Wednesday, July 28, 2021

Jungle Cruise

Given Disney's adaptation of Pirates of the Caribbean it's hard not to see similarities with Jungle Cruise as the studio attempts to turn another theme park ride into a motion picture. Jungle Cruise feels like a mix of Pirates with a bit of The Mummy (and several other films) thrown in for a wacky adventure in the Amazon.

We're first introduced to Dr. Lily Houghton (Emily Blunt) and her brother McGregor (Jack Whitehall) who steal an artifact from the London Historical Society to search for a legend deep in the Amazon. Lily hopes to find the Tree of Life whose blossoms are rumored to be capable of curing any disease. Enlisting the help of an untrustworthy steamboat captain (Dwayne "The Rock" Johnson) the trio race to find the tree before a German aristocrat (Jesse Plemons) or centuries-old cursed jungle explorers (led by Édgar Ramírez).

Blunt is the real highlight here as the spirited scientist constantly overlooked and undervalued by the world around her as she defies conventions in order to prove the existence of the tree which she believes will help make the world a better place.
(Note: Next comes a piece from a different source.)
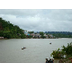 Río Nieva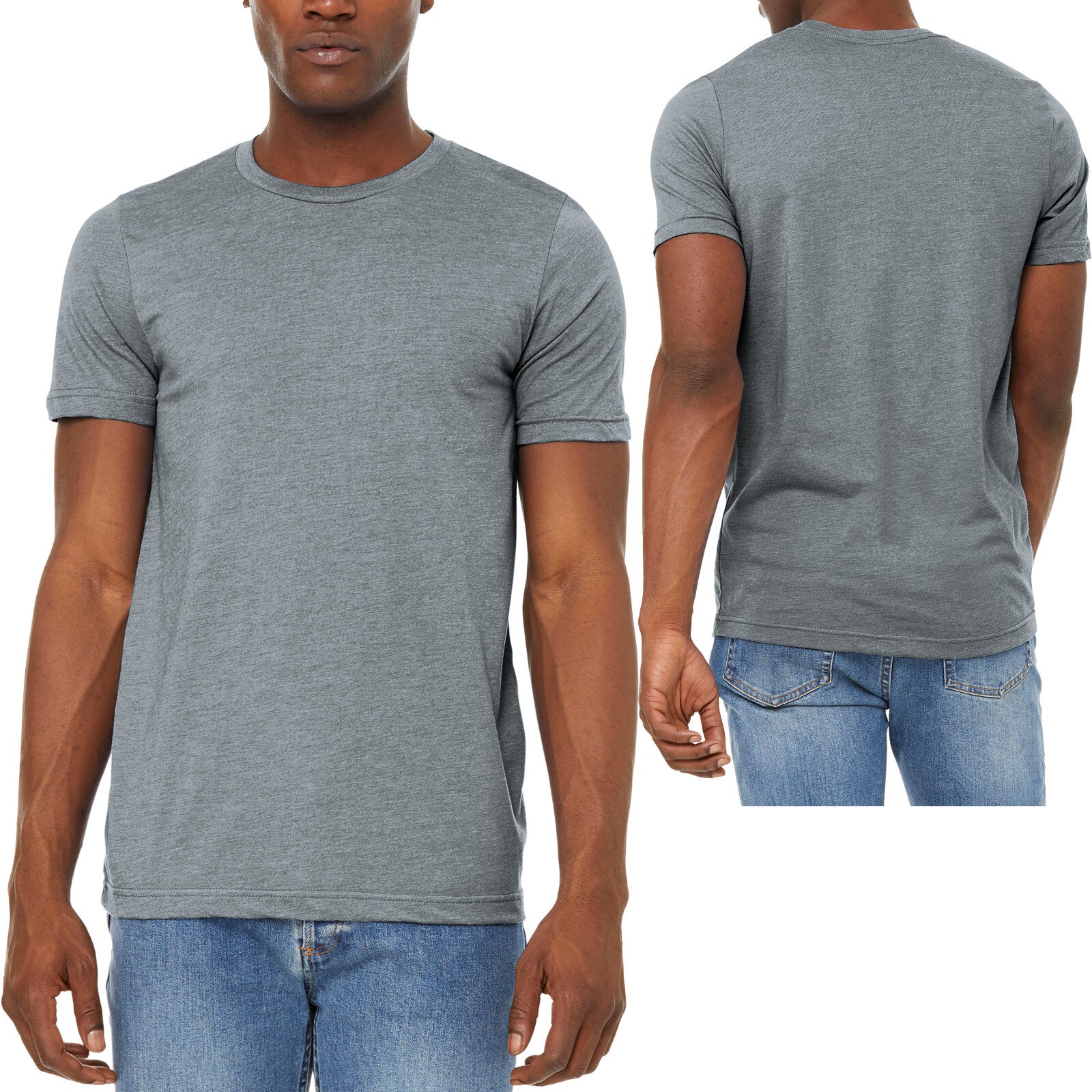 https://i.ebayimg.com/00/s/MTYwMFgxNjAw/z/R1oAAOSw3nxltCfH/$_57.JPG?set_id=8800005007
The Rock is, well, The Rock. Johnson is enjoyable here as the shameless skipper of a rundown boat who takes far more joy in his puns and dad jokes than the tourists he takes out on his jungle excursions. While he and Blunt make for a fun pairing, there's no romantic chemistry for them which leads to problems by the third act. Whitehall is mostly in place to react as the fish out of water dragged to the jungle by his sister, although the film throws his paper-thin character a bit of a bone late in the film. Most of the supporting characters are wildly over-the-top including Paul Giamatti. Veronica Falcón is thrown into the mix simply because there is a character on the ride called Trader Sam.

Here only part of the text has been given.